L’homme au même niveau que l’anchois dans la chaîne alimentaire
Dans la chaîne alimentaire, l'homme ne
se situe pas au sommet, comme il pourrait le penser, mais au même niveau
que... les anchois et les cochons. Bien loin, donc, d'un super
prédateur. C'est la conclusion d'une étude originale, visant à mesurer
l'impact de la consommation humaine sur les écosystèmes, publiée dans
les Proceedings of the National Academy of Sciences lundi 2 décembre.
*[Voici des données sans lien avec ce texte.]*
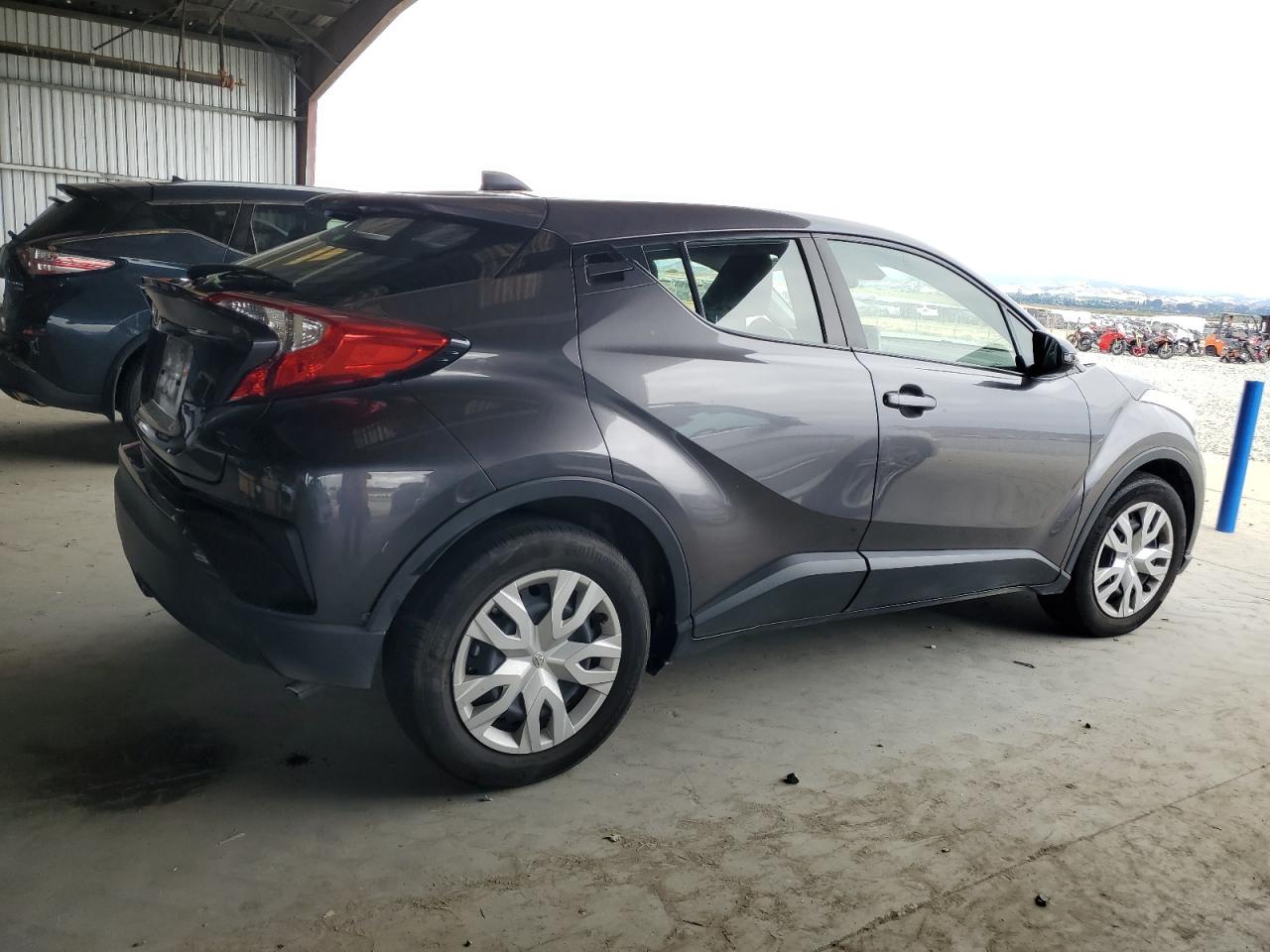 TOYOTA C-HR XLE 2021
Pour arriver à ce résultat déroutant,
l'équipe conjointe de l'Institut français de recherche pour
l'exploitation de la mer (Ifremer), de l'Institut de recherche pour le
développement (IRD) et d'Agrocampus-Ouest a utilisé un outil classique
en écologie, mais qui n'avait jamais été appliqué à l'homme auparavant :
le niveau trophique, qui permet de positionner les différentes espèces dans la chaîne alimentaire.
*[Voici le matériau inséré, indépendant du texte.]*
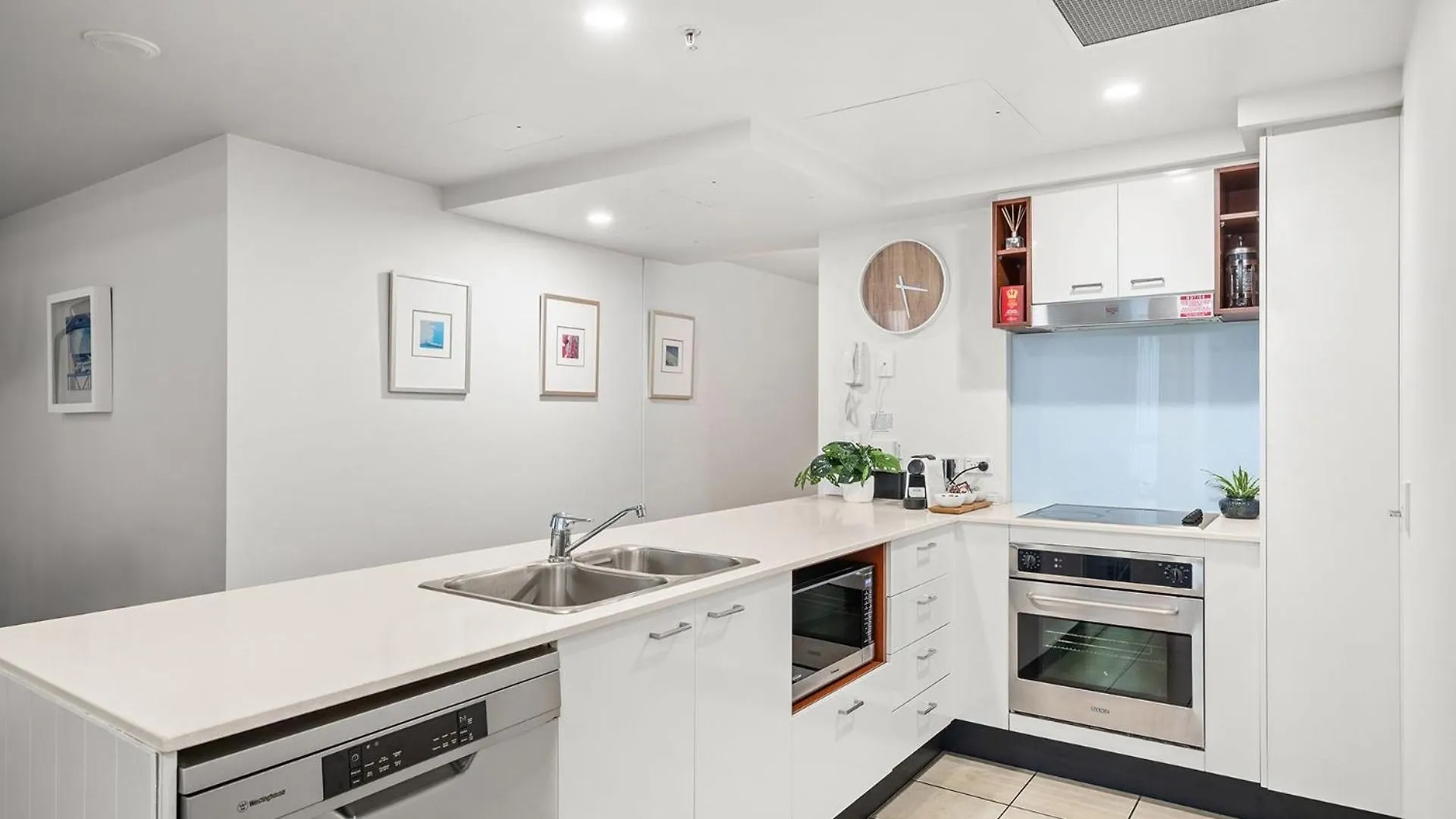 Deluxe 2 Bedroom Apartment Ocean And Hinterland Views 골드코스트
A la base de cette échelle, et donc tout
en bas de la chaîne alimentaire, la valeur 1 correspond aux plantes et
au plancton. Les maillons suivants ont ensuite un indice égal à celui de
l'espèce qui assure leur alimentation, plus 1. Ainsi, les herbivores,
consommateurs des végétaux, relèvent du deuxième niveau (1 + 1),
les carnivores, prédateurs se nourrissant d'herbivores, sont eux
rattachés au troisième (2 + 1). Et ainsi de suite. Une vache, qui se
nourrit d'herbe, a alors un niveau trophique de 2, tandis qu'un orque,
un requin ou un ours polaire, qui mangent d'autres carnivores,
atteignent le niveau maximal de 5,5.
Pour situer l'homme, les scientifiques
ont utilisé les données de l'Organisation des Nations unies pour
l'alimentation et l'agriculture (FAO) sur la consommation humaine (type
et quantité de nourriture) pour la période 1961-2009, disponibles pour
176 des 196 pays référencés. Résultat : le niveau trophique obtenu est
de 2,21, soit au niveau des anchois et des cochons. "Contrairement à
l'idée communément acquise, l'homme n'est pas en haut de la chaîne
trophique. Il n'est pas un super prédateur du point de vue de
l'alimentation", commente Sylvain Bonhommeau, principal auteur de
l'étude et chercheur en écologie marine à l'Ifremer. Pas si étonnant, en
réalité, dans la mesure où l'homme est omnivore.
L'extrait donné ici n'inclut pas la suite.